### Data shown
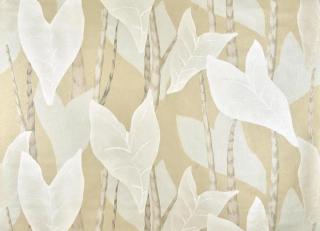 Фото - Обои Pierre Frey Jardins Secrets Wallpapers - 617422>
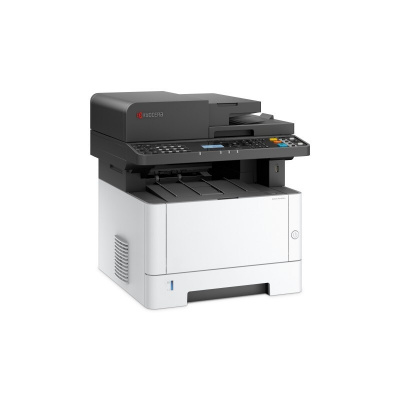 Kyocera ECOSYS MA4000wifx 110C1D3NL0 multifunzione laser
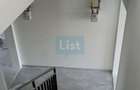 COMISION 0% - PENTHOUSE - PRIVELISTE SUPERBA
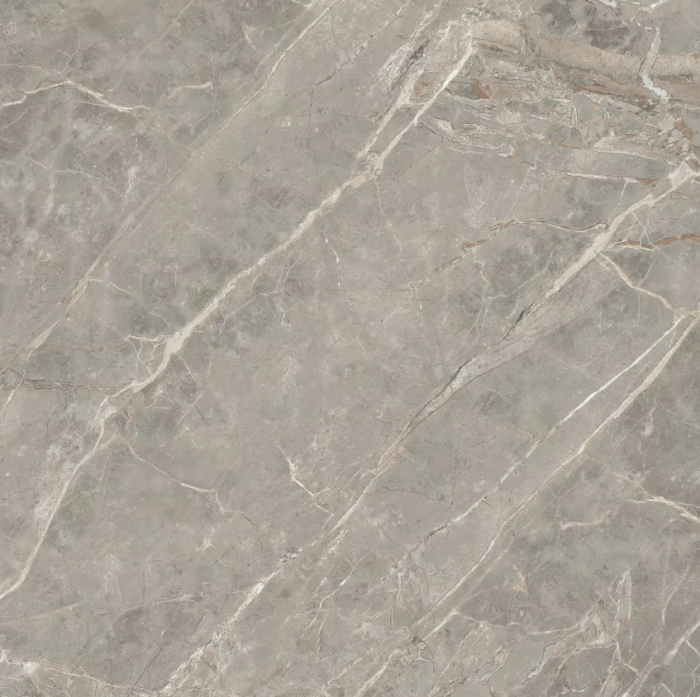 Etoile gris 120 x 120 glossy 1.png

### Work to complete
A verbatim copy of the listing is required, with all pictures left out.

### Exercise output
 Фото - Обои Pierre Frey Jardins Secrets Wallpapers - 617422>
 Kyocera ECOSYS MA4000wifx 110C1D3NL0 multifunzione laser
 COMISION 0% - PENTHOUSE - PRIVELISTE SUPERBA
 Etoile gris 120 x 120 glossy 1.png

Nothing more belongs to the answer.